▶ _Activity_: Write out every entry below exactly as it appears. Pictures do not belong in the copy.

Short web captions:
=-=-=
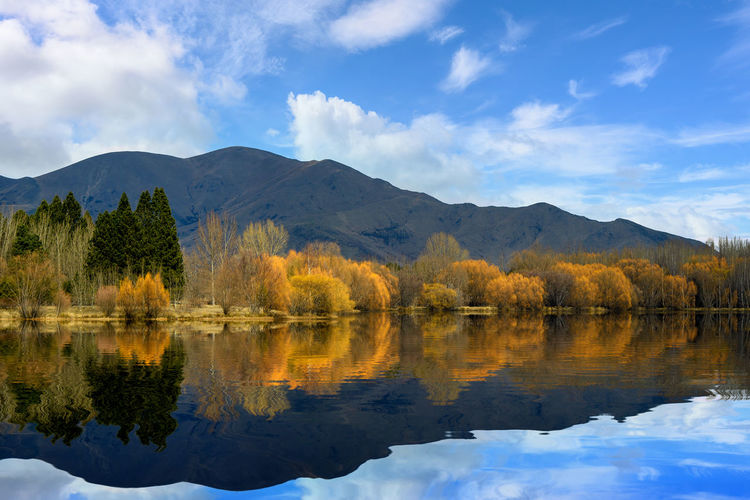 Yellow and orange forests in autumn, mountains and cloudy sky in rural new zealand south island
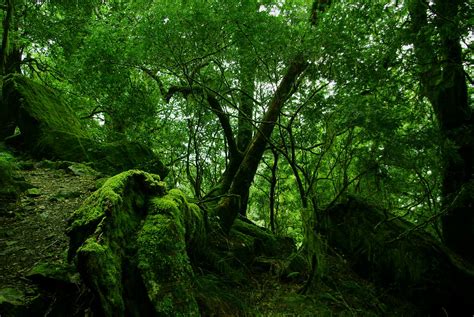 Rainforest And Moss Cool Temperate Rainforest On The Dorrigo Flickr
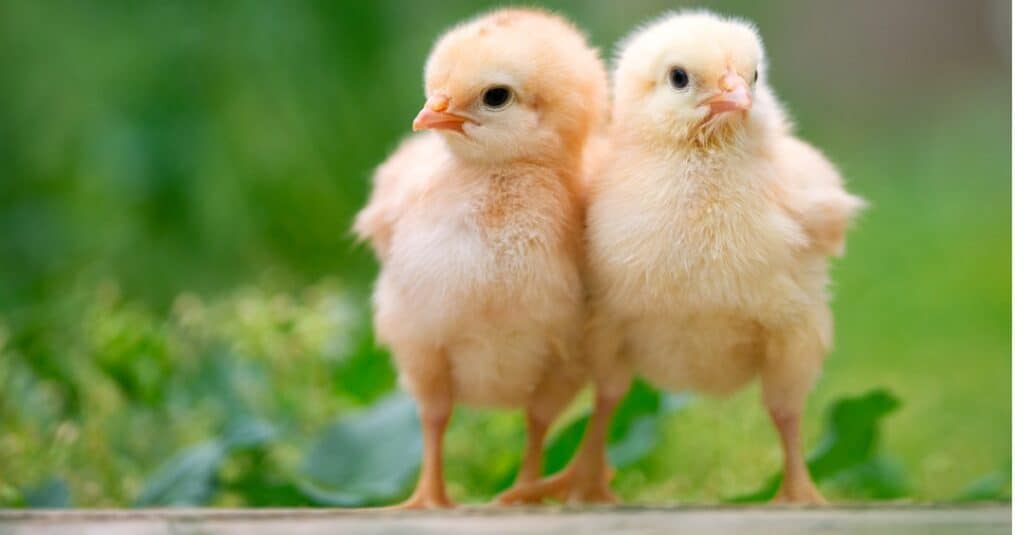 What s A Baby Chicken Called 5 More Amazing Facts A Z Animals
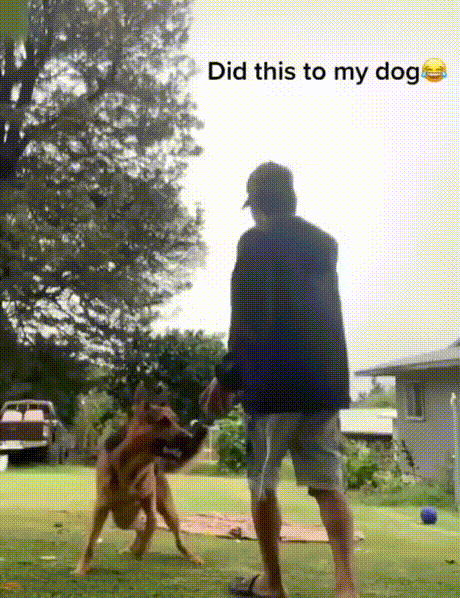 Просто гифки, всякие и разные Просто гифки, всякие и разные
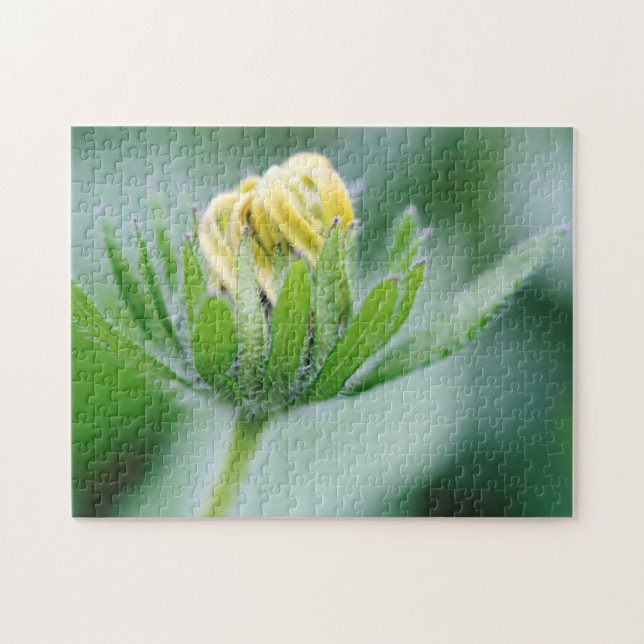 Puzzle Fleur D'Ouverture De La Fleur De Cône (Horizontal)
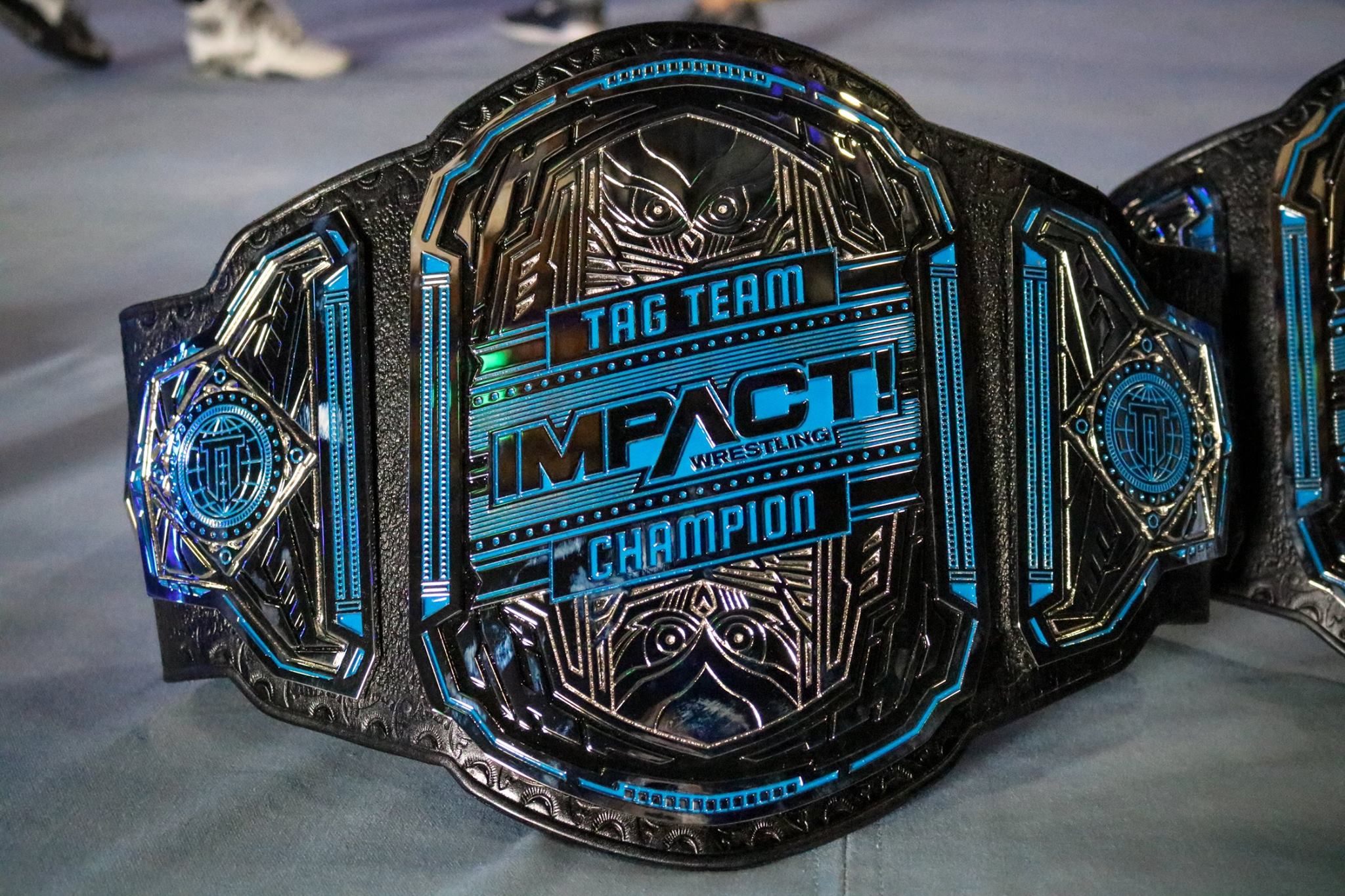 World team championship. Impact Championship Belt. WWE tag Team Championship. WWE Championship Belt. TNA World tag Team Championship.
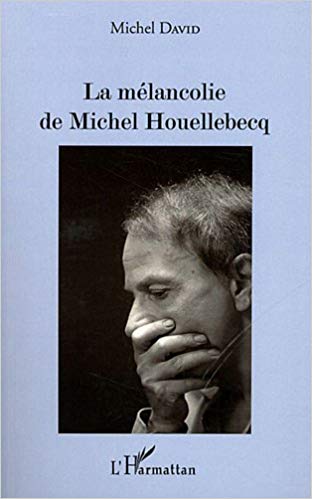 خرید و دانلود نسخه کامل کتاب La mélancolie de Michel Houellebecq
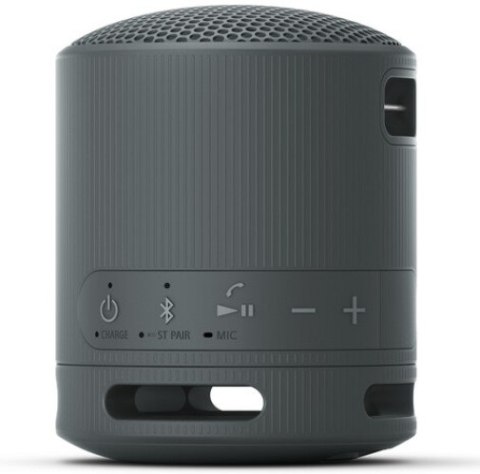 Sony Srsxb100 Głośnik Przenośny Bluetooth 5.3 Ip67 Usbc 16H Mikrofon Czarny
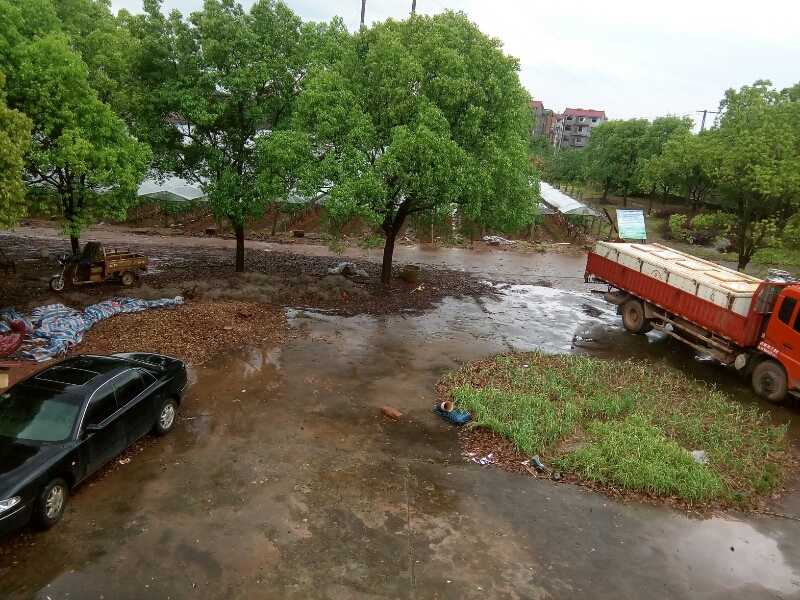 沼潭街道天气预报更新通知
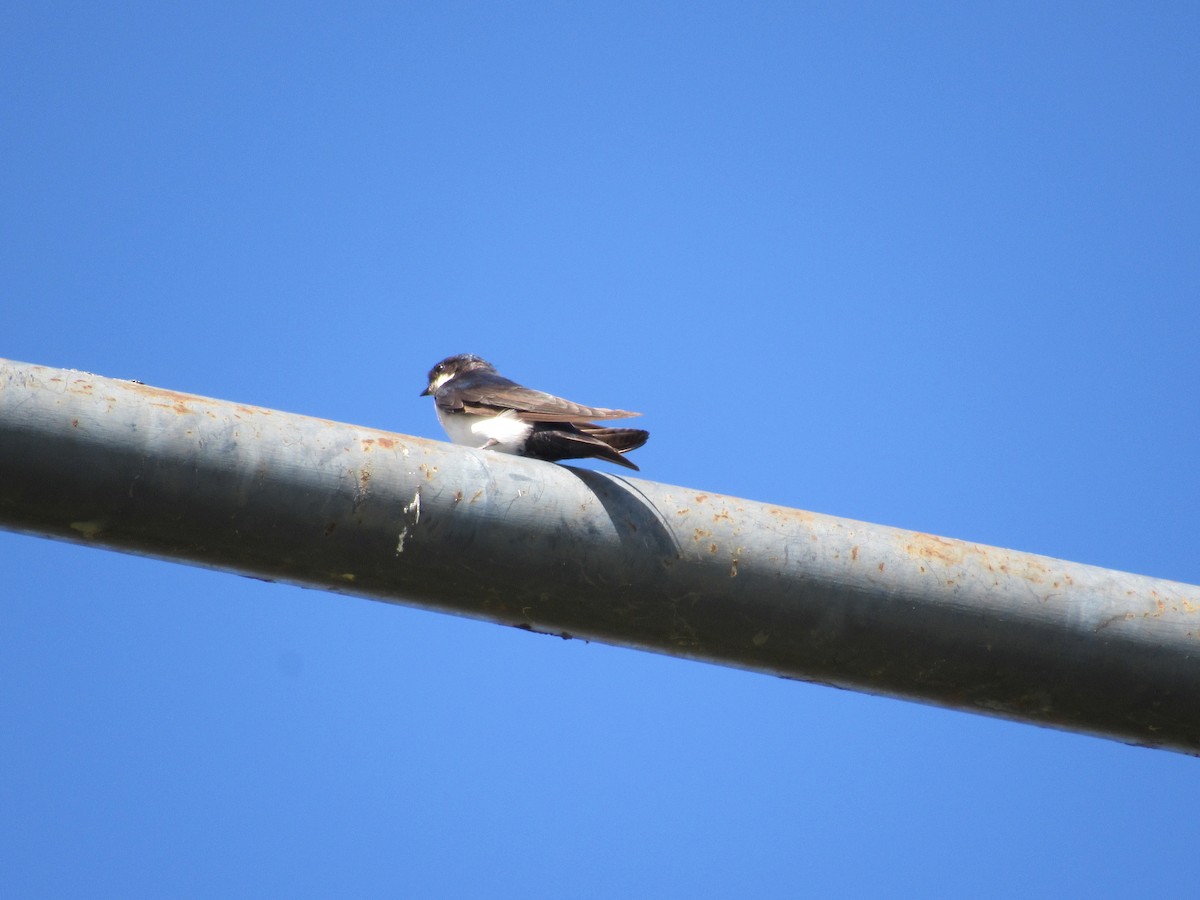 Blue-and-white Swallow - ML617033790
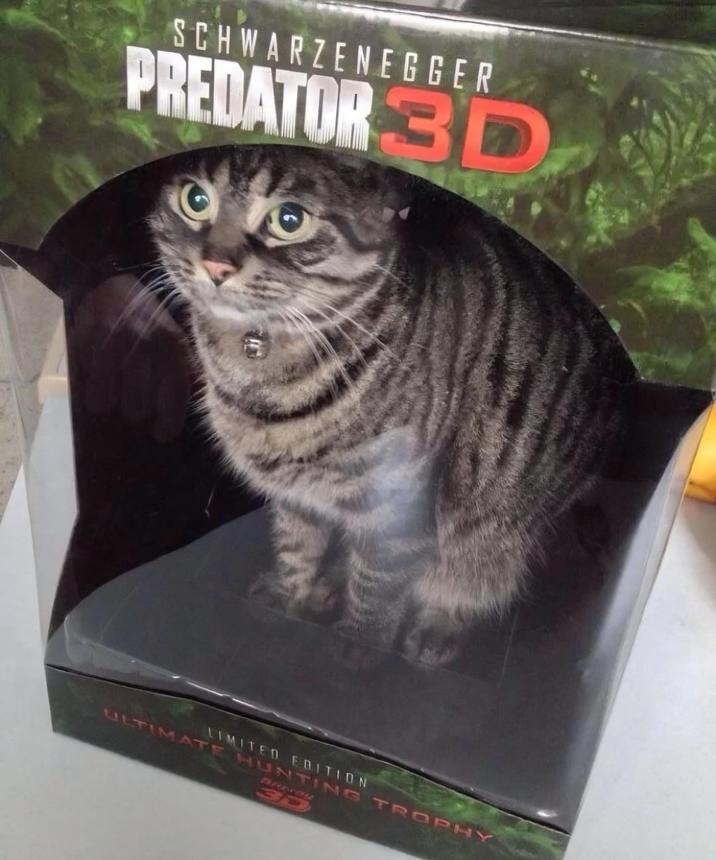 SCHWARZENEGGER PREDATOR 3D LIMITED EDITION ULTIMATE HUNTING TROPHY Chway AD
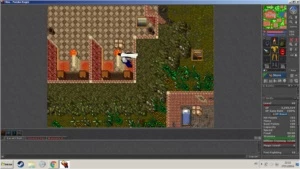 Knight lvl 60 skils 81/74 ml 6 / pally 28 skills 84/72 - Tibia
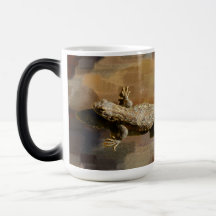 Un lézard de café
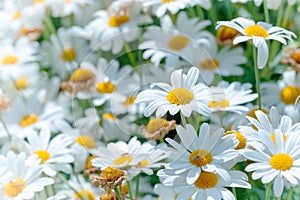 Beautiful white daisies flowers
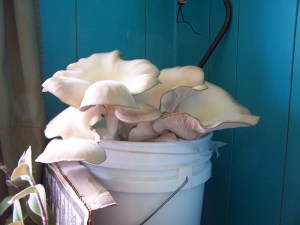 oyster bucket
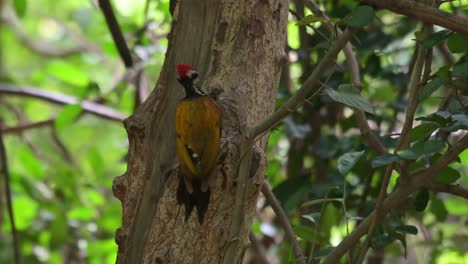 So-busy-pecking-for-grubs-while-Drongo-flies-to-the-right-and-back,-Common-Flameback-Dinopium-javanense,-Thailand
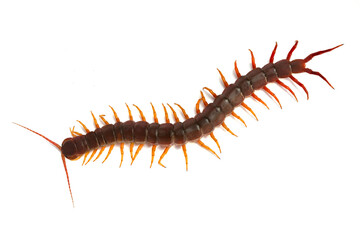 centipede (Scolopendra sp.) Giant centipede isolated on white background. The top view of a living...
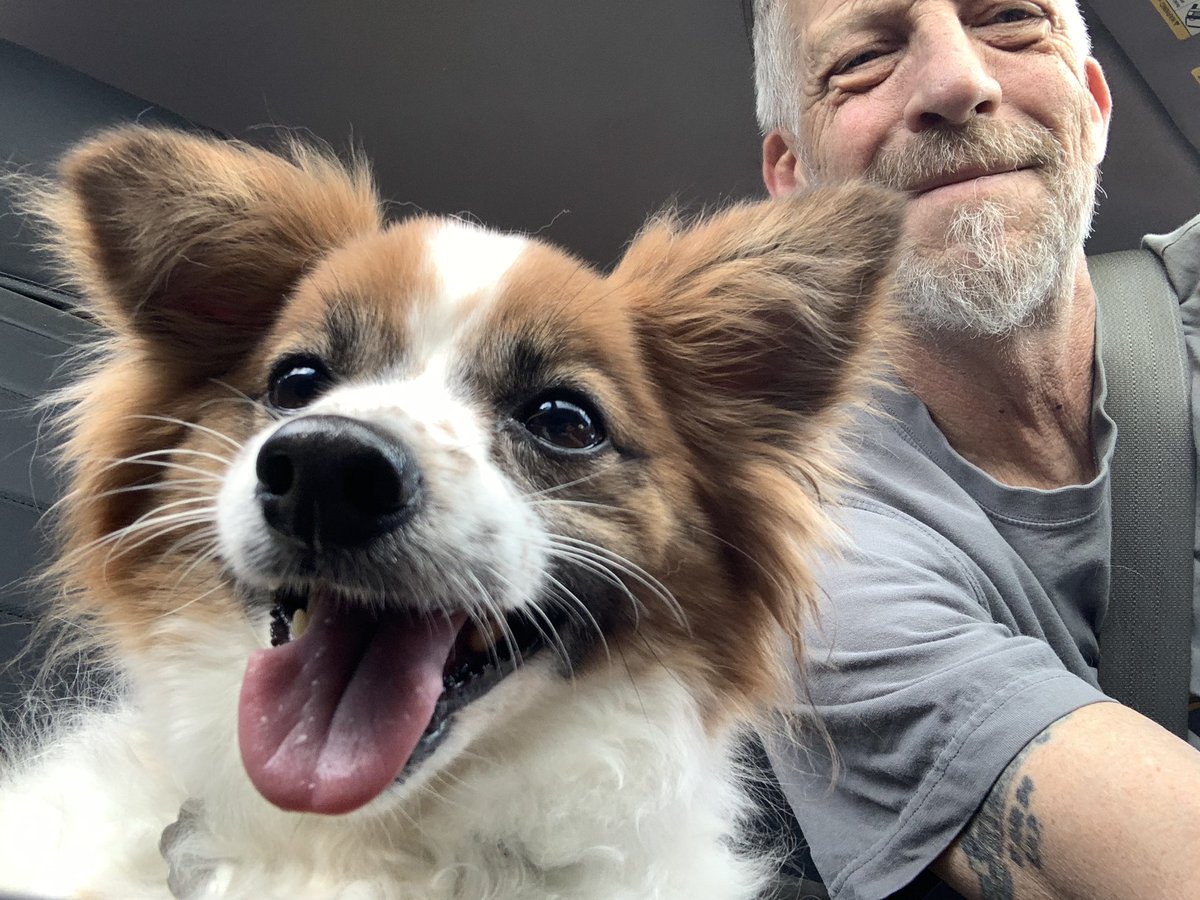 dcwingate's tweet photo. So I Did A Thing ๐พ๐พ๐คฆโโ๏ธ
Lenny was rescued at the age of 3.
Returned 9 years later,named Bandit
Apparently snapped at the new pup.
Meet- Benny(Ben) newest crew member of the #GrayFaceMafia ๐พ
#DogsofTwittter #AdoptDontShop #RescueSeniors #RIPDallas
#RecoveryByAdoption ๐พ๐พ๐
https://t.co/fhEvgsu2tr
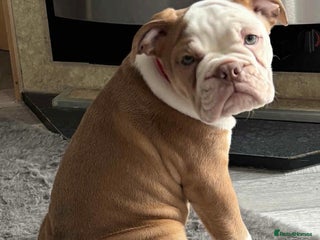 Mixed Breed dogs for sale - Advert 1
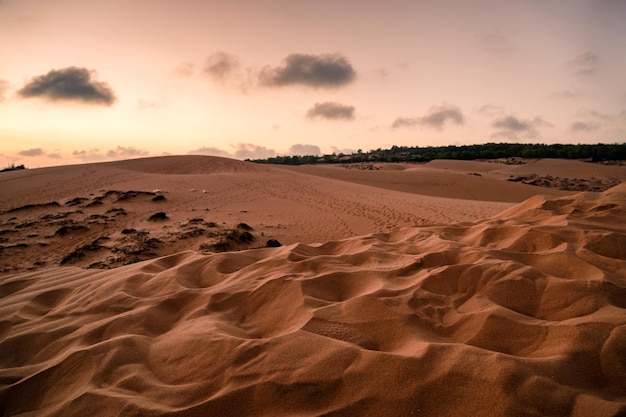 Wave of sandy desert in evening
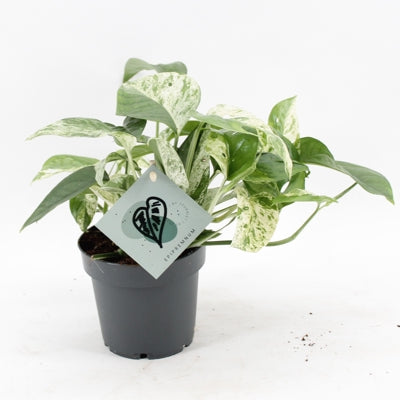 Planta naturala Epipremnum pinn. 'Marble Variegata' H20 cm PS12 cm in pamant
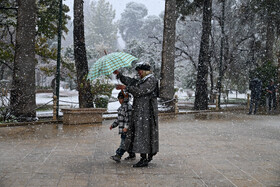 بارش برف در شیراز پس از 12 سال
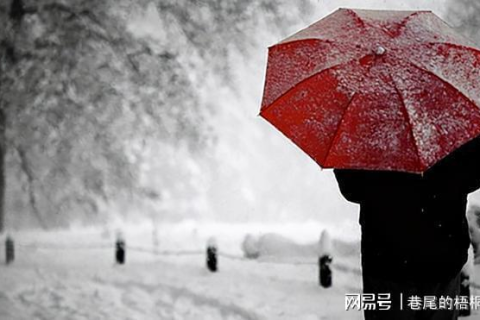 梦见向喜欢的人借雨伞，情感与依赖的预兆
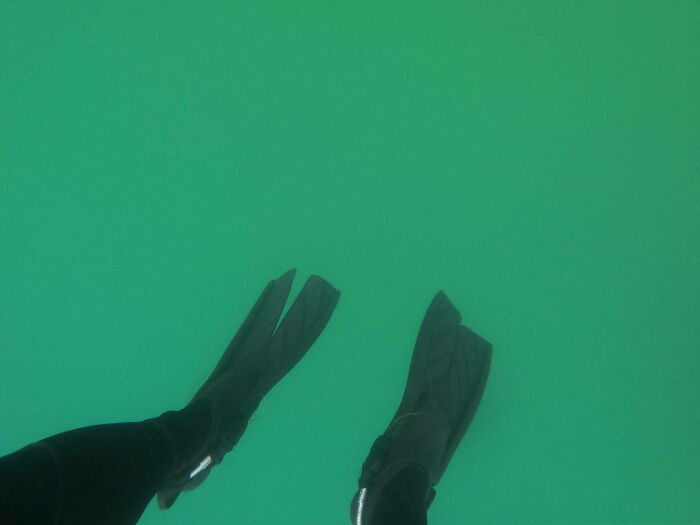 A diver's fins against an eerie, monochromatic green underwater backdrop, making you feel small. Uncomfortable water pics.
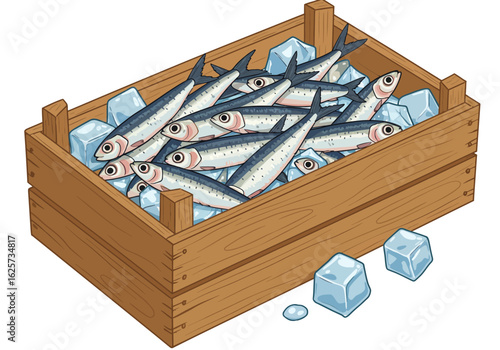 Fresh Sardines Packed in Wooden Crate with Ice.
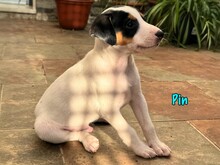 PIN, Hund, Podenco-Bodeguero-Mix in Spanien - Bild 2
=-=-=
▶ _Expected answer_:
 Yellow and orange forests in autumn, mountains and cloudy sky in rural new zealand south island
 Rainforest And Moss Cool Temperate Rainforest On The Dorrigo Flickr
 What s A Baby Chicken Called 5 More Amazing Facts A Z Animals
 Просто гифки, всякие и разные Просто гифки, всякие и разные
 Puzzle Fleur D'Ouverture De La Fleur De Cône (Horizontal)
 World team championship. Impact Championship Belt. WWE tag Team Championship. WWE Championship Belt. TNA World tag Team Championship.
 خرید و دانلود نسخه کامل کتاب La mélancolie de Michel Houellebecq
 Sony Srsxb100 Głośnik Przenośny Bluetooth 5.3 Ip67 Usbc 16H Mikrofon Czarny
 沼潭街道天气预报更新通知
 Blue-and-white Swallow - ML617033790
 SCHWARZENEGGER PREDATOR 3D LIMITED EDITION ULTIMATE HUNTING TROPHY Chway AD
 Knight lvl 60 skils 81/74 ml 6 / pally 28 skills 84/72 - Tibia
 Un lézard de café
 Beautiful white daisies flowers
 oyster bucket
 So-busy-pecking-for-grubs-while-Drongo-flies-to-the-right-and-back,-Common-Flameback-Dinopium-javanense,-Thailand
 centipede (Scolopendra sp.) Giant centipede isolated on white background. The top view of a living...
 dcwingate's tweet photo. So I Did A Thing ๐พ๐พ๐คฆโโ๏ธ
Lenny was rescued at the age of 3.
Returned 9 years later,named Bandit
Apparently snapped at the new pup.
Meet- Benny(Ben) newest crew member of the #GrayFaceMafia ๐พ
#DogsofTwittter #AdoptDontShop #RescueSeniors #RIPDallas
#RecoveryByAdoption ๐พ๐พ๐
https://t.co/fhEvgsu2tr
 Mixed Breed dogs for sale - Advert 1
 Wave of sandy desert in evening
 Planta naturala Epipremnum pinn. 'Marble Variegata' H20 cm PS12 cm in pamant
 بارش برف در شیراز پس از 12 سال
 梦见向喜欢的人借雨伞，情感与依赖的预兆
 A diver's fins against an eerie, monochromatic green underwater backdrop, making you feel small. Uncomfortable water pics.
 Fresh Sardines Packed in Wooden Crate with Ice.
 PIN, Hund, Podenco-Bodeguero-Mix in Spanien - Bild 2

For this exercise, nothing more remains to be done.